The reason is that I am enjoying the journey as much as the thought of the end-goal so I want to continue to take the time to explore interesting avenues as I find them.
I’m not sure the temple really looks like a temple so I will do a bit more research into dark temples and maybe do a 3D model to get my head around it all.
Using the 3D model from experiment 4, in Blender I moved my camera down to the planet surface and pointed it up at the rings. This is the resulting render.
I will now paint on top of this in Manga Studio to create a concept image of the Dark Temple Of Mymosule from my digital comic project.
After studying some reference photos, I played about with the planetary ring texture a little more in Blender.
Also, the sun is now shining from the lower left and has a bit of a red tinge to suggest a sunset.

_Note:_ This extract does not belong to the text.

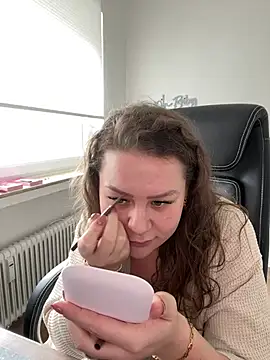 Fancy-Francy online show from February 25, 2025, 12:38 pm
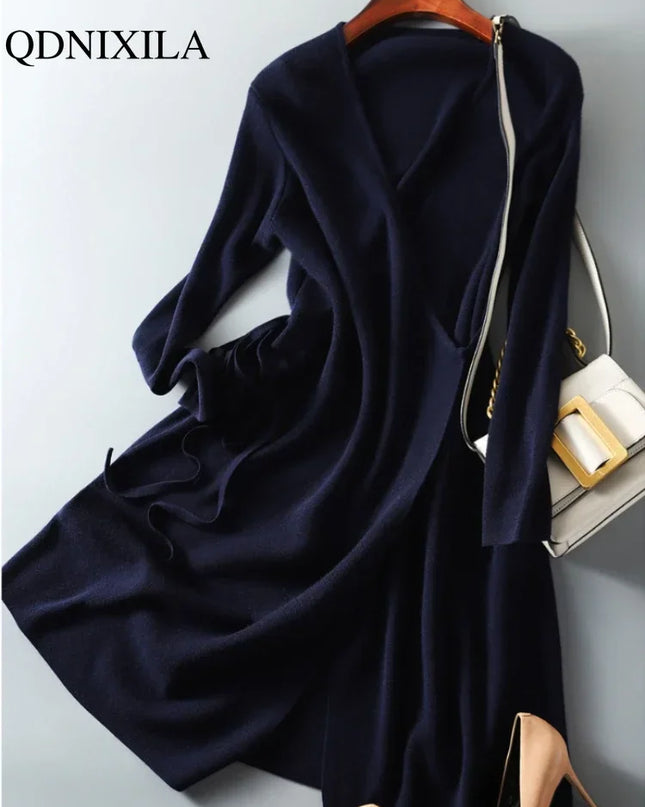 Dunkelblaues Strickkleid, Seitenansicht mit schmaler Passform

I then scaled the whole model up by roughly a factor of ten because I will then locate a camera on the planet surface and take a render with the rings coming down from the sky to the horizon.
Hopefully I can use the render as a background for a digital painting of the Dark Temple Of Mymosule.
OK so I decided to use the colour ramp method from Experiment 2 and put together a simple scene with a marble textured planet.
The rings are actually made from a single disc, it’s the colour ramp texture that makes it appear as multiple rings. Colour ramps allow you to specify transparent areas so I’ve just got a single ring with some transparent areas on it.
Continuing from my Blender planetary ring experiments with the Wood texture type yesterday, I thought I’d try out the Blend texture type.
I created a ring mesh by extrude-scaling a circle.
It took me ages to understand the different Blend texture parameters but I’ve found the following settings yield good ring-like patterns:
Progression = Spherical
Mapping – Coordinates = Object (choose itself)
Mapping – Projection = doesn’t matter
I then had to play about with the Mapping – Size X and Y values.
After that I made a concerted effort to finally learn how to use the Blender Colour Ramps (they’re flippin difficult to understand to begin with but once you learn how to use them, they’ll help you to world domination!)